Conhecido, nos seus tempos de jogador, por um lançamento exterior exímio, Carlos Lisboa recusa entrar em comparações com os filhos sobre quem atira melhor ao cesto. "Já não posso competir com eles (risos). Somos todos diferentes. O Rafael e o Bernardo são bases, o Tiago e eu extremos. Todos lançam ao cesto, felizmente. Têm essa capacidade, uns de uma maneira, outros de outra. Não faço comparações, pois acho que somos todos diferentes e as alturas são diferentes. Eu ainda joguei com 30 segundos de tempo de ataque e agora joga-se com 24. Tenho orgulho na minha carreira. Sei das responsabilidades que tenho no basquetebol português e orgulho naquilo que os meus filhos estão a fazer, cada um na sua posição e objetivo", referiu a glória do basquetebol nacional, garantindo que nunca pressionou os filhos para estarem à altura do seu passado.
"Têm orgulho em chamar-se Lisboa, como apelido. Eu tenho orgulho de ser pai deles e eles têm orgulho de serem meus filhos também. Cada um faz o seu trabalho e eles não sentem essa pressão de ter aquele nome nas costas. Saem um bocado a mim, gostam da pressão, portanto também está-lhes no sangue. Agora, eles não sentem a responsabilidade de ter de fazer isto por serem meus filhos. Fazem-no porque gostam de o fazer, seguem à risca aquilo que os treinadores dizem."
Questionado sobre como vê o basquetebol nacional aos dias de hoje, Carlos Lisboa mantém-se bem por dentro da modalidade:
"Não estou ligado a nenhuma equipa, mas vejo os jogos todos. Não vou aos pavilhões mas vejo-os todos na televisão. A Seleção tem tido prestações notáveis, ainda agora conseguiu mais uma vitória importante [contra a Grécia]. Era bom que conseguissem ser apurados para o Mundial, que era inédito. Não podemos, neste momento, dizer que o basquetebol português está num nível super elevado. Não está, porque não podemos ver a prestação de uma ou duas equipas ou da Seleção Nacional. Estou a falar do geral. O nosso basquetebol tem que melhorar em tudo o que é a envolvência e a estrutura das equipas, para depois também se poderem dar condições de trabalho a quem faz, aos treinadores e aos jogadores, para que o basquetebol melhore. Uma das coisas é investir também na formação. A seleção tem feito bons resultados, mas o nível do campeonato português não é, na minha opinião, tão forte como eu acho que poderia e deveria estar", lamenta o antigo extremo.

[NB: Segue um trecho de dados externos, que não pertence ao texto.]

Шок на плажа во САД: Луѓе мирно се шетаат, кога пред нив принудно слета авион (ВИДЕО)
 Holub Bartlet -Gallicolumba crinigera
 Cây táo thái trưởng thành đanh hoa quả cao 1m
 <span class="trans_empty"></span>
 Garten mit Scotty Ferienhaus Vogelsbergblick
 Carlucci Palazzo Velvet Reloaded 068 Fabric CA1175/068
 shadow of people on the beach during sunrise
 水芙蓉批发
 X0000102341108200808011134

No seu tempo, Carlos Lisboa foi o grande representante do basquetebol português aquém e além-fronteiras, tal como Neemias Queta desempenha esse papel atualmente, por força da inédita presença na NBA, onde até já foi campeão pelos Boston Celtics. E Carlos Lisboa reconhece a importância do poste no crescimento da modalidade, elogiando a sua postura.
"[Como teria sido se eu tivesse entrado na NBA?] São tempos diferentes. Gosto muito do Neemias, ainda bem que está a ter este sucesso. Merece o novo contrato que assinou, é resiliente e trabalha. Nunca o treinei, mas o Rafael diz que ele sempre teve essa ideia de um dia ir para para os Estados Unidos, para uma universidade, com o objetivo de tentar entrar na NBA. É uma boa referência para os nossos jovens. Tem todo o mérito de ter conseguido aquilo que conseguiu e vai continuar, pois está a impor-se. É um jovem com os pés bem assentes na terra, sabe o potencial e as limitações que tem, é um jogador muito treinável, um jogador de equipa e bom colega. Vai ganhar mais minutos este ano nos Celtics. Está a fazer aquilo que todos os jovens sonham e tem sido o representante de nós todos, portugueses, no basquetebol de maior renome mundial.